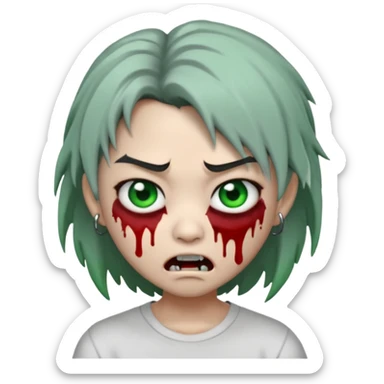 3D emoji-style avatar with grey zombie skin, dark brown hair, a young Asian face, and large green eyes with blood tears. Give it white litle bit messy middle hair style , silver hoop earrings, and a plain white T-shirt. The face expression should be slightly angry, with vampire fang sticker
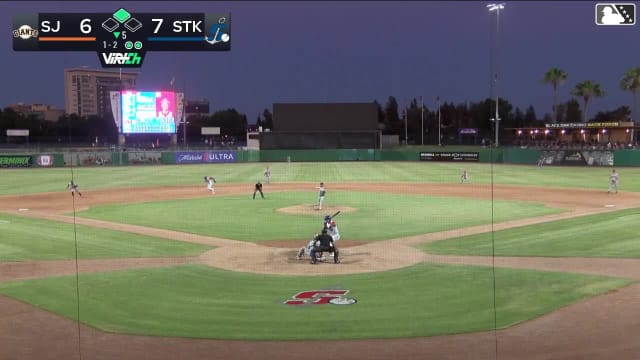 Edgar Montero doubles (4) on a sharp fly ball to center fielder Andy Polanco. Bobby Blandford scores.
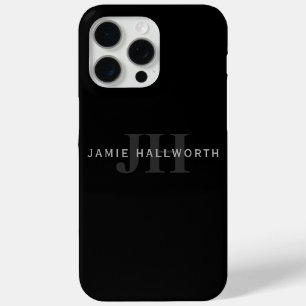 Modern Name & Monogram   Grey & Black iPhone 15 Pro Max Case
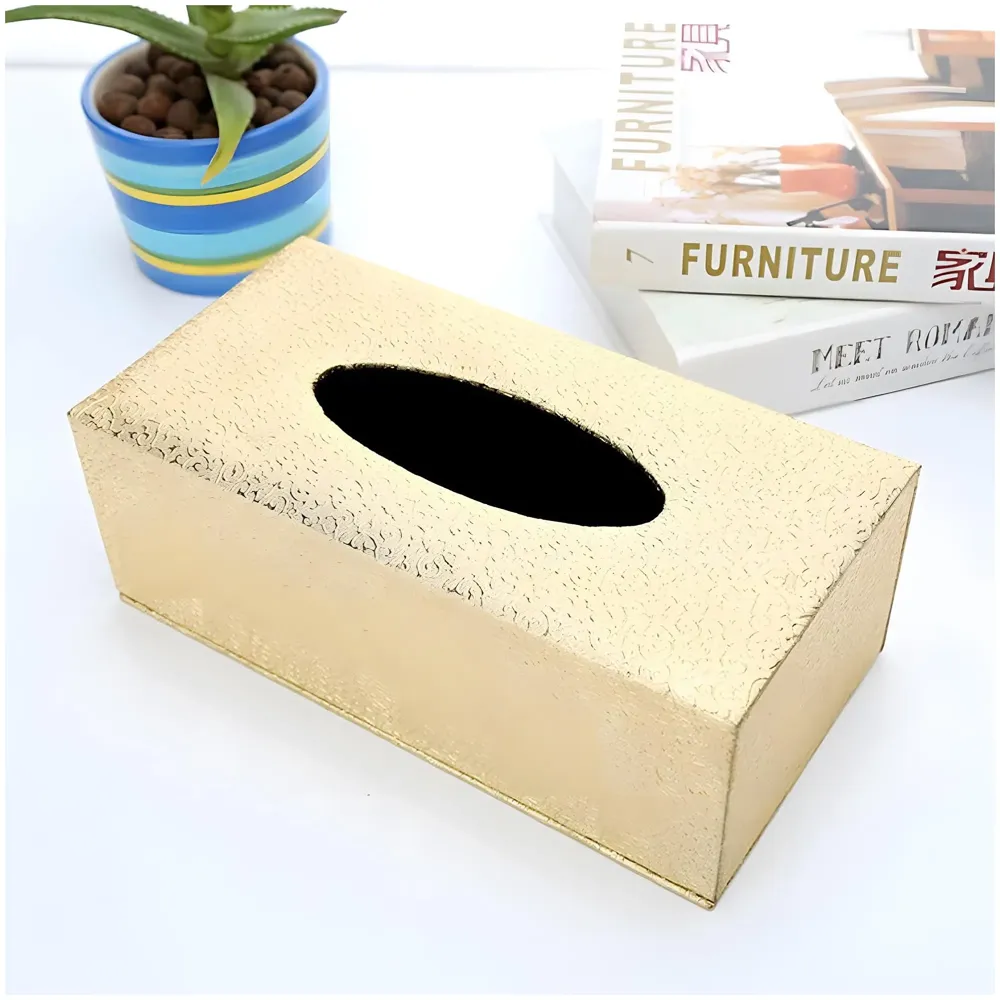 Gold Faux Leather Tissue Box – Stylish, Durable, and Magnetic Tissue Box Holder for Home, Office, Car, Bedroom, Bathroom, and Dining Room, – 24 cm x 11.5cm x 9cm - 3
——
→ **Problem to work on**
Starting at the line that contains "Modern Name &", please write out each line through the last line of the data, both ends included, and keep pictures out of the copy.

→ **Response to this task**
 Modern Name & Monogram   Grey & Black iPhone 15 Pro Max Case
 Gold Faux Leather Tissue Box – Stylish, Durable, and Magnetic Tissue Box Holder for Home, Office, Car, Bedroom, Bathroom, and Dining Room, – 24 cm x 11.5cm x 9cm - 3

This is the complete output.